REPUBLIKA.CO.ID, JAKARTA -- Pengamat Politik UGM, Ari Dwipayana menilai munculnya hasil hitung cepat atau quick count berbeda sudah diperkirkan sebelumnya.
Menurut dia, itu merupakan bagian dari skenario untuk ciptakan opini yang membingungkan masyarakat terkait hasil hitung cepat. "Quick count tandingan akan dimunculkan sebagai tandingan atas hasil hitung cepat yg dimunculkan oleh lembaga survei kredibel," tutur Ari menanggapi munculnya perbedaan hasil hitung cepat Pilpres 2014 yang dilakukan sejumlah lembaga survei, Rabu (9/7).

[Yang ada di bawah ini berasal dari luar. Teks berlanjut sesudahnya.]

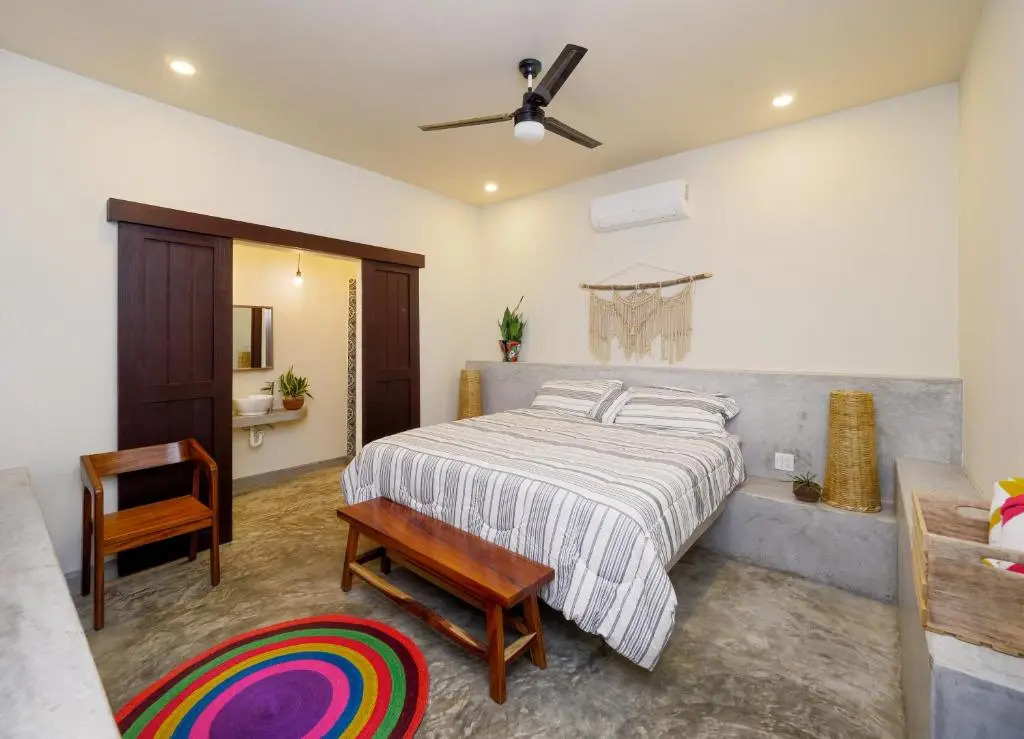 Gallo Azul, Downtown Loft Style Apartment
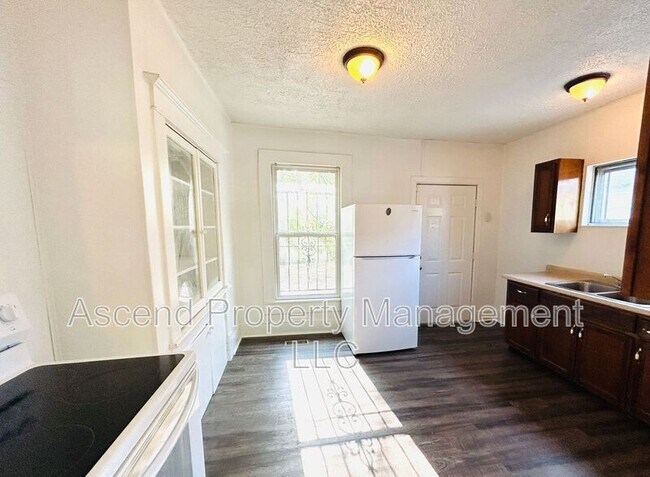 Building Photo - 1006 Rockway Dr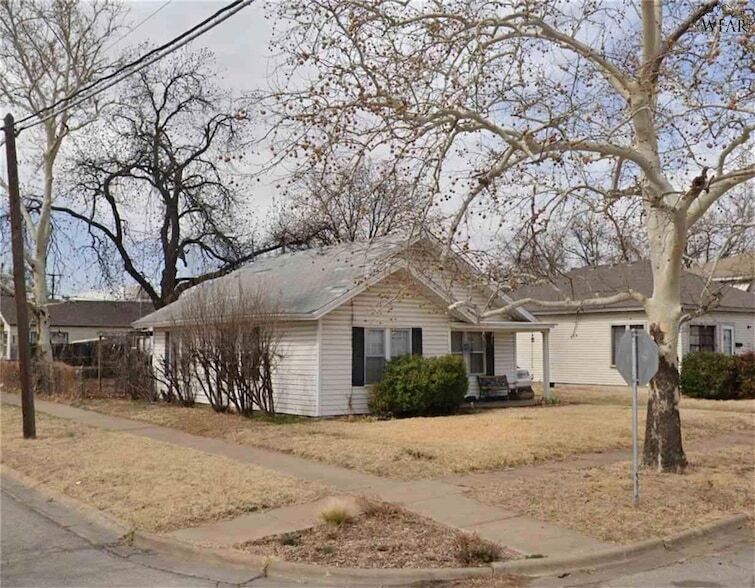 1714 Fillmore St in Wichita Falls, TX - Building Photo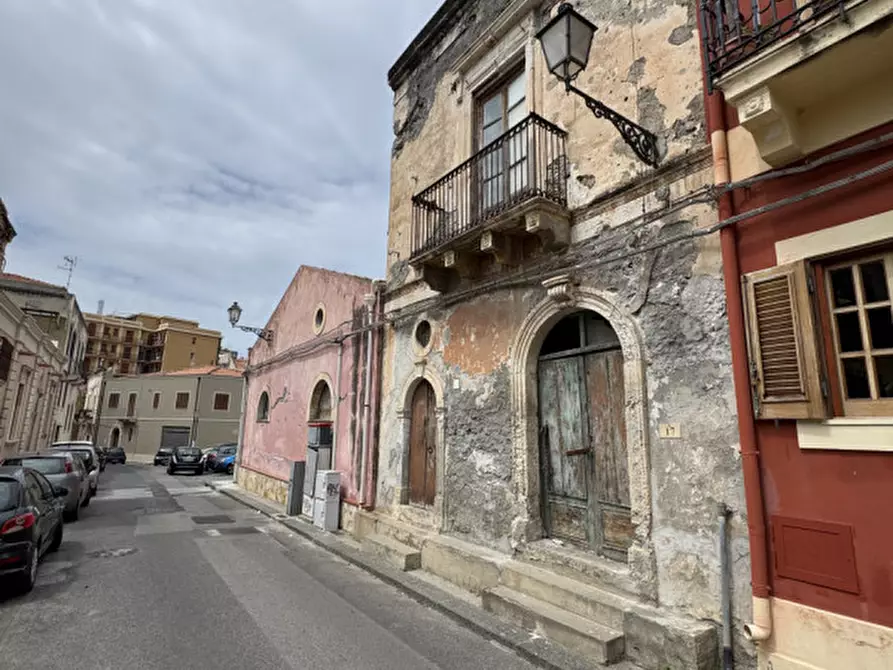 Immagine 18 di Appartamento in vendita  in Via Santa Maria Maggiore,17 a Milazzo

Sebanyak enam lembaga survei mengumumkan pasangan Jokowi-JK sebagai pemenang Pilpres 2014 versi hitung cepat. Sedangkan, empat lembaga survei lainnya menyatakan pasangan Prabowo-Hatta sebagai pemenang Pilpres 2014 versi hitung cepat.
''Modus untuk menciptakan quick count tandingan tampak jelas dari kasus tidak digunakannya hasil hitung cepat dari political tracking yang dipimpin Hanta Yudha," cetus Ari. Ia menilai fenomena itu menunjukan tragedi yang menghancurkan independensi dan profesional lembaga survei.
"Lembaga survei dijadikan alat propaganda politik yang tidak mengindahkan kaidah-kaidah metodologi," tegas Ari. Selain itu, kata dia, upaya untuk memunculkan rilis hitung cepat justru dipakai untuk merancang skenario menyesuaikan hasil real count dengan quick count.
"Inilah bahaya berikutnya ketika akan muncul fenomena vote trading yang berupaya memanipulasi hasil rekapitulasi suara, baik di tingkat desa maupun kecamatan," cetus Ari.